ÉPOCA – Mas como podemos investir em tecnologia se, como o senhor diz no livro, os estudantes brasileiros, como os latino americanos em geral, preferem Ciências Sociais e Humanas do que as Exatas?
Oppenheimer – Eu iria mencionar isso. Precisamos encorajar os estudantes a estudar mais engenharia e um pouco menos de Sociologia, Psicologia ou História.
ÉPOCA – Como explicar essa preferência?
Oppenheimer – Pode ser cultural, pode ser pelo fato de que engenharia é mais difícil e as pessoas escolhem o caminho mais tranquilo. Talvez porque muitos pensem que não vão conseguir empregos. Mas os governos não encorajam os alunos para áreas de Exatas. Na Ásia os governos encorajam.

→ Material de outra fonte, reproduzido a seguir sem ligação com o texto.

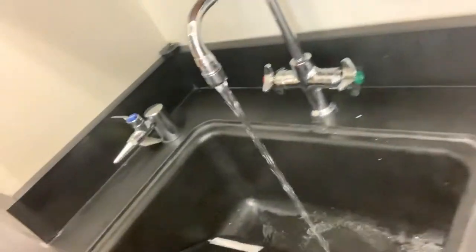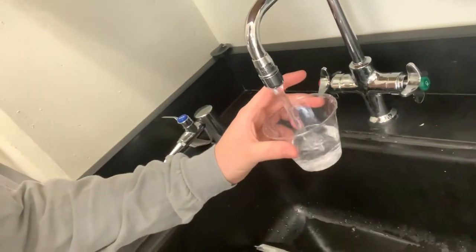Folks, time for some physics party tricks. Got myself an empty cup here. I'm gonna fill it up with some water right now, and I want you to watch me fill up that cup of water. There it is. Alright, there is liquid water in this cup right now.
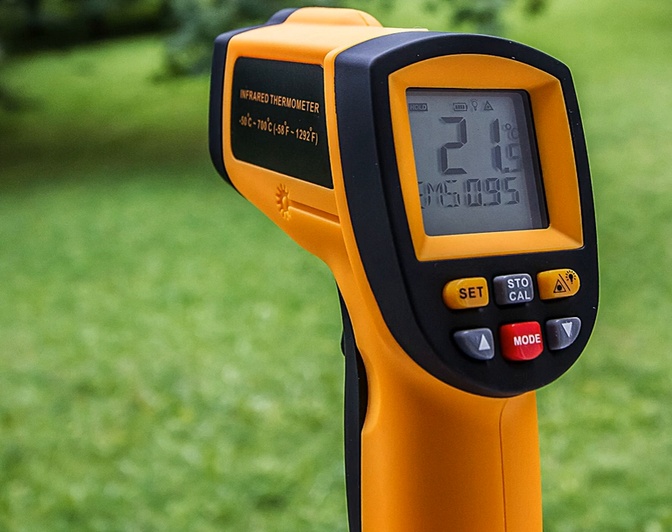By knowing the amount of infrared energy emitted by the object and its emissivity, the object's temperature can often be determined within a certain range of its actual temperature. Infrared thermometers are a subset of devices known as thermal radiation thermometers.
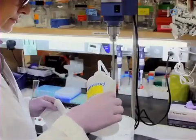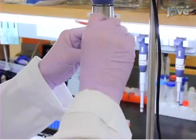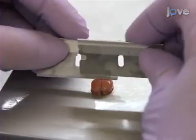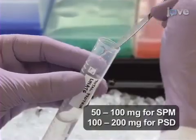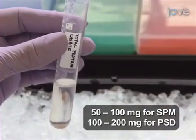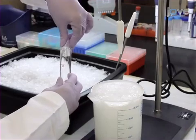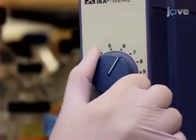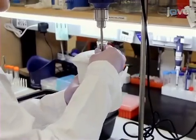This protocol makes use of a motor-driven glass Teflon homogenizer. Always replace the pestle between samples and rinse and dry the homogenizer. First, load the dissected tissue into a 13-milliliter tube with 4 milliliters of 0.32 molar HEPA's buffered sucrose solution. Then transfer the tissue to a clean glass homogenizer. Set the motor to 900 RPM and homogenize the sample with 12 strokes over 30 seconds.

ÉPOCA – O que esses países fazem?
Oppenheimer – Durante a pesquisa do livro eu estive em países como China, Índia, Cingapura, Israel ou Finlândia, que estão fazendo coisas muito interessantes nessa área. Na Índia, por exemplo, há muitos anos, começaram a produzir engenheiros. O governo deu bolsas de estudo, encorajou as universidades a aumentar seus programas de engenharia. Com tantos engenheiros, empresas multinacionais viram a grande quantidade de engenheiros e se instalaram lá. A Índia não esperou pela demanda de engenheiros. Criou a oferta e as multinacionais foram atrás.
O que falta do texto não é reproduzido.